> **Activity**
What is needed is every line from the one holding "Berkebun dapat stabilkan" to the last line of the data below, printed exactly and without pictures.

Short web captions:
────

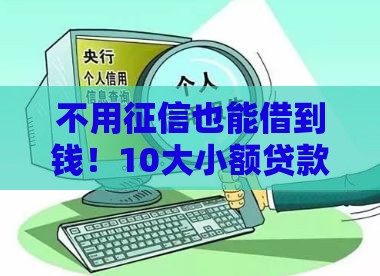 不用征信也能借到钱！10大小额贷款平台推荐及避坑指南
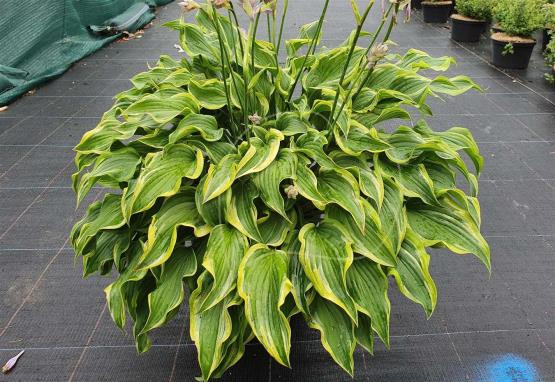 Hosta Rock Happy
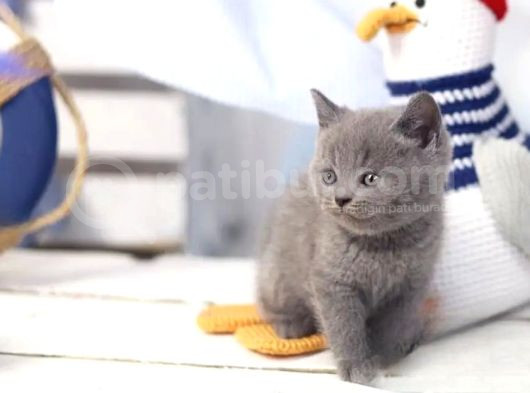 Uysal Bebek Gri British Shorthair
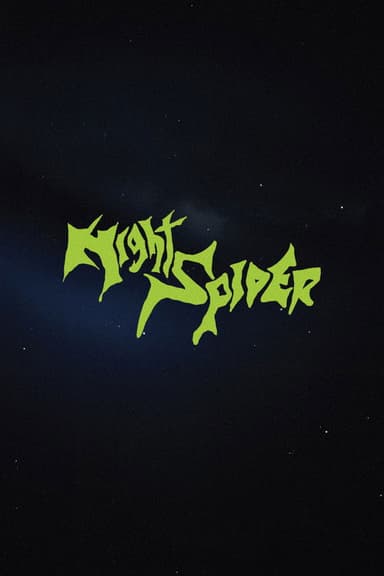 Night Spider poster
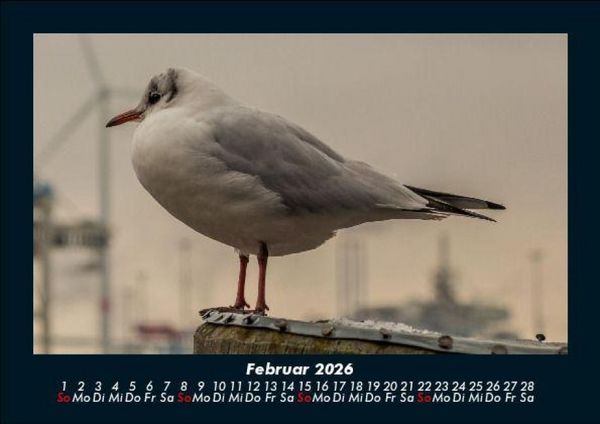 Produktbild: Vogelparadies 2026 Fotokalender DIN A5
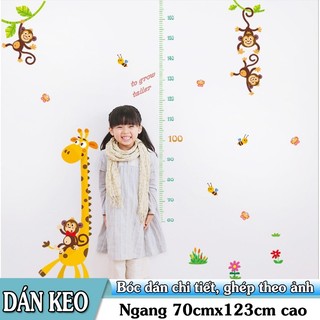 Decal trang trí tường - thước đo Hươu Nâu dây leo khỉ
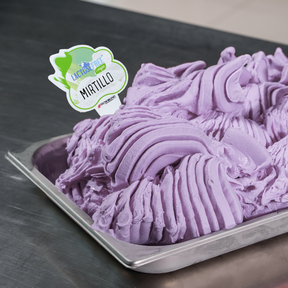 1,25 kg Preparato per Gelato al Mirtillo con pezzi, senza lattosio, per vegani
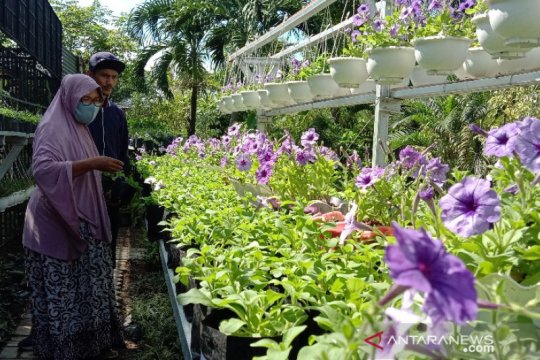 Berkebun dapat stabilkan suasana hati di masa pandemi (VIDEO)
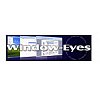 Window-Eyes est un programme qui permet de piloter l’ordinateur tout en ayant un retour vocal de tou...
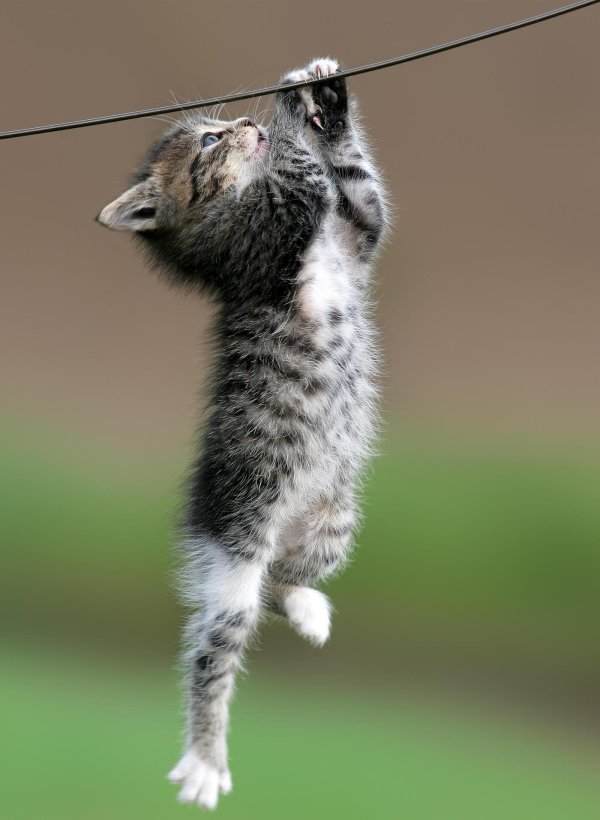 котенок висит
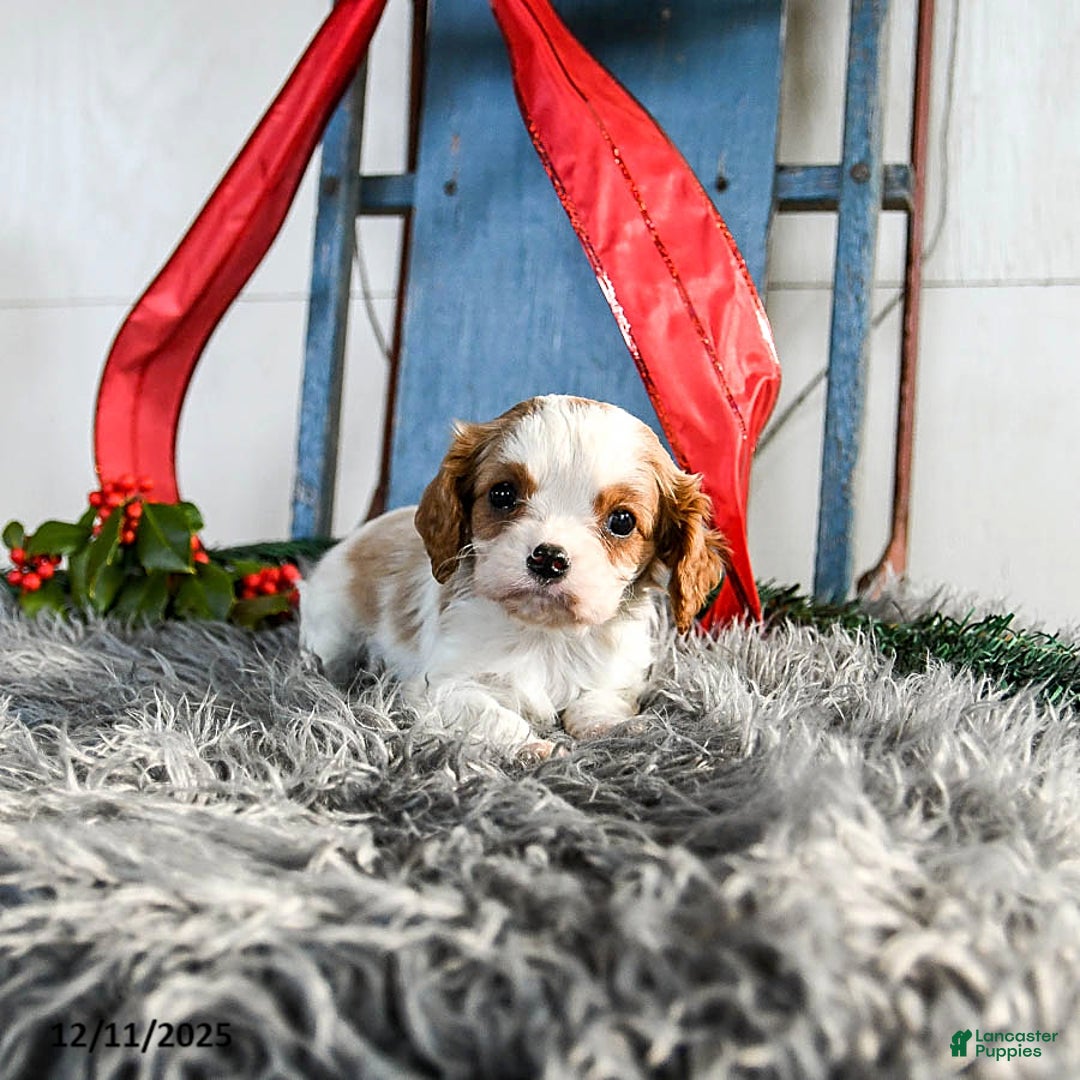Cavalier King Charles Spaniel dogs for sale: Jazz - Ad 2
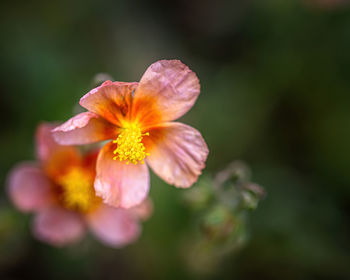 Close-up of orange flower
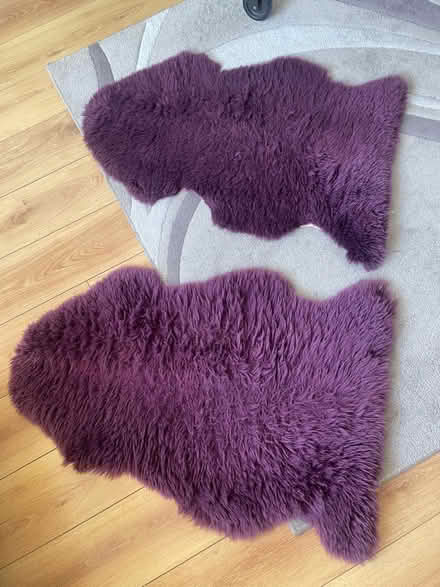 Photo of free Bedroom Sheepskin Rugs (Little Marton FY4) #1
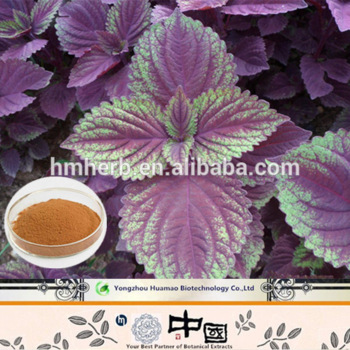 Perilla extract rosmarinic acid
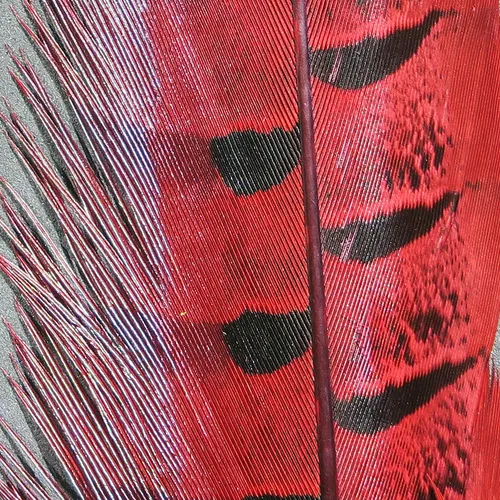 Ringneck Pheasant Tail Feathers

────

> **Answer for the task**
 Berkebun dapat stabilkan suasana hati di masa pandemi (VIDEO)
 Window-Eyes est un programme qui permet de piloter l’ordinateur tout en ayant un retour vocal de tou...
 котенок висит
Cavalier King Charles Spaniel dogs for sale: Jazz - Ad 2
 Close-up of orange flower
 Photo of free Bedroom Sheepskin Rugs (Little Marton FY4) #1
 Perilla extract rosmarinic acid
 Ringneck Pheasant Tail Feathers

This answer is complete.